A 76–year-old woman was admitted to the Department of Psychiatry in our hospital because she denied medications and suffered from irritability and delusion. She had no complaints of somatic symptoms. Her thyroid function was normal at least four months before the admission, however, laboratory data on the admission revealed hyperthyroidism. She was pointed out to have thyroid disease thirty years ago, however, she was not diagnosed definitively at that time, and also did not take any medicine. She had also type 2 diabetes, hypertension, dyslipidemia, hyperuricemia and schizophrenia. The members of her family did not have thyroid disorders. She has been taking clonazepam (0.5 mg/day), trazodone (50 mg/day), nitrazepam (5 mg/day), 0.1% aripiprazole (6 ml/day), propranolol (30 mg/day) and telmisartan (40 mg/day), for the treatment for hypertension, psychiatric symptoms and schizophrenia.

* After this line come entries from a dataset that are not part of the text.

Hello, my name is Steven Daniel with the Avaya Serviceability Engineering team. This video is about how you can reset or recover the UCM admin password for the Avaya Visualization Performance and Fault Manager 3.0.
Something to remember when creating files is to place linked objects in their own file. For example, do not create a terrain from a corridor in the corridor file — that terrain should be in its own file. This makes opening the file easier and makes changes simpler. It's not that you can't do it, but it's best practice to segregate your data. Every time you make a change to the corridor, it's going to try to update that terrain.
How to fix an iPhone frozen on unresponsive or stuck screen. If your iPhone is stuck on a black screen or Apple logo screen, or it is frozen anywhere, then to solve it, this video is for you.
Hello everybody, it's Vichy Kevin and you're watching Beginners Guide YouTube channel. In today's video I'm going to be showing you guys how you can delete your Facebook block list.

Hyperthyroidism is a condition where the thyroid gland abnormally produces too much thyroid hormones. The most common cause is GD [2, 3], and which is developed by the autoimmune stimulation of the thyroid gland . Standardized diagnostic criteria for GD has not been globally established, and we usually diagnose this disease by clinical manifestations, laboratory data and imaging studies . Clinical symptoms and signs include body weight loss, tremor, irritability, tachycardia, goiter, exophthalmos. Our patient had no specific somatic symptom of GD. Adrenergic hyperactivity induces psychiatric symptoms in hyperthyroidism, however. GD patients presenting only delusion like our patient are uncommon [5, 6].
Paunkovic analyzed 255 patients diagnosed as having GD based on clinical manifestations and laboratory findings (free T4 and TSH). They excluded TRAb positive patients and the rest of the patients who had hyperthyroidism were re-tested with thyroid scintigraphy and serum levels of another TRAb. These results showed that TRAb were detectable in 98.7% of patients with GD. They stated TRAb negative GD was extremely rare, but there were methodological limitations in the assessment of only TRAb for the valid diagnosis of GD .

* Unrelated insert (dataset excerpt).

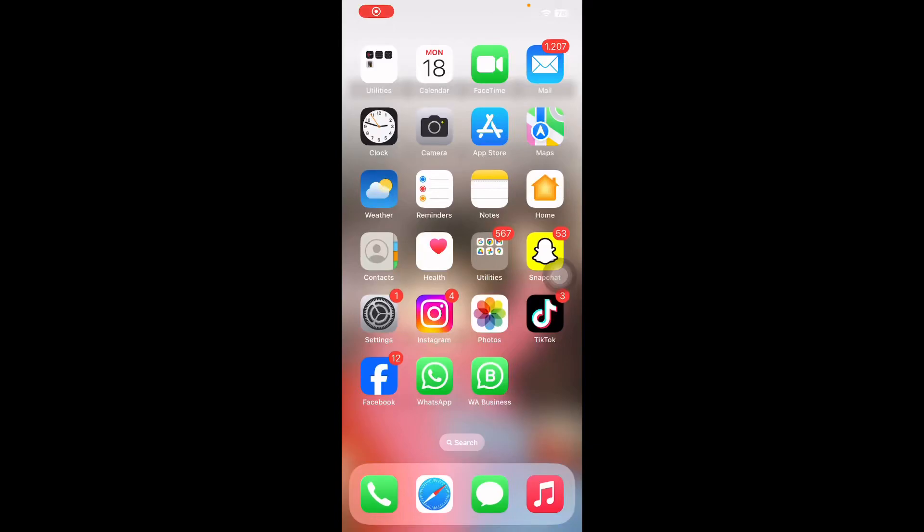Welcome back to another video. In this video I'll tell you why videos won't play on your iPhone. If you are wondering why videos won't play on your iPhone, the first set of potential solutions we will look at involves fixing videos that won't play in an app that is only accessible via an internet connection.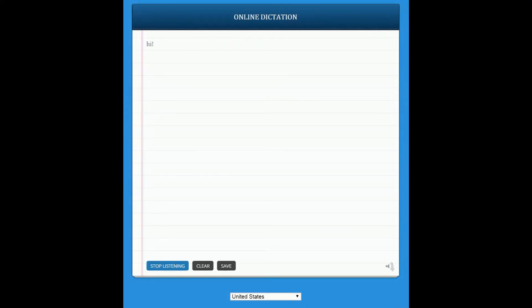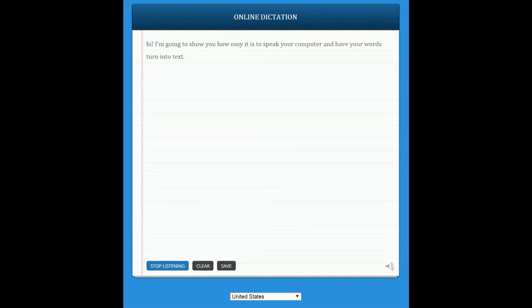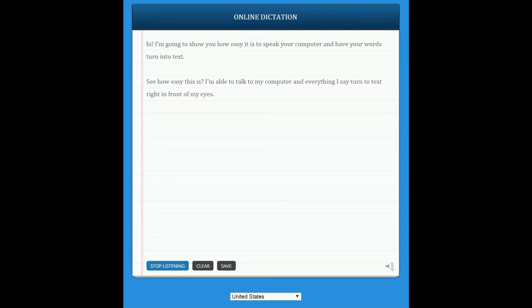Hi! I'm going to show you how easy it is to speak to your computer and have your words turn into text. [New paragraph] See how easy this is? I am able to talk to my computer and everything I say turns into text in front of my eyes. This would be really handy for some of the students in my class who have trouble typing. [New paragraph]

Our case showed no evident clinical manifestations except for psychomotor agitation which was considered to be induced by schizophrenia, and also showed negativity for both TRAb1 and TSAb. We observed a very weak positivity of TRAb2 before we started treatment. However, TRAb or TSAb have been reported to emerge in about 10% of patients with painless thyroiditis [8, 9], therefore, we cannot make a definite differential diagnosis between GD and painless thyroiditis even if one of the thyroid autoantibodies is very weakly positive. The recommended cut-off value of TRAb2 used to be 2.0 IU/L and the sensitivity is 93.9% with 100% specificity . It may be evident that the autoimmune stimulation of the thyroid gland is the cause of hyperthyroidism in our patient because serum levels of thyroid autoantibodies (TRAb1, TRAb2 and TSAb) were significantly decreased after starting treatment (Figure 2). We believe that present case is very rare. Our study also suggested that thyroid scintigraphy is very useful to diagnose GD patients with the absence of characteristic symptoms, TRAb and TSAb.

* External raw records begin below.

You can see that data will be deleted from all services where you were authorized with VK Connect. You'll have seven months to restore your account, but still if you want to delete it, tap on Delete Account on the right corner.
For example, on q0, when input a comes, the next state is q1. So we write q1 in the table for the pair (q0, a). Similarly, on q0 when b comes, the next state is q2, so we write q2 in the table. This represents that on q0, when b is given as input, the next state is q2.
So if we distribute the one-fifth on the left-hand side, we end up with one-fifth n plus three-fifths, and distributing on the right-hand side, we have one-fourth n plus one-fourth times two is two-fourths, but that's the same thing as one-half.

Thyroid autoantibody-negative GD is extremely rare. We experienced a patient with GD who did not show characteristic symptoms except for psychiatric symptoms, and also showed negativity for both TRAb1 and TSAb. Thyroid scintigraphy was useful to diagnose such a patient.
Written informed consent was obtained from the patient's relatives for publication of this case report. A copy of the written consent is available for review by the Eitor-in-Chief of this jounal.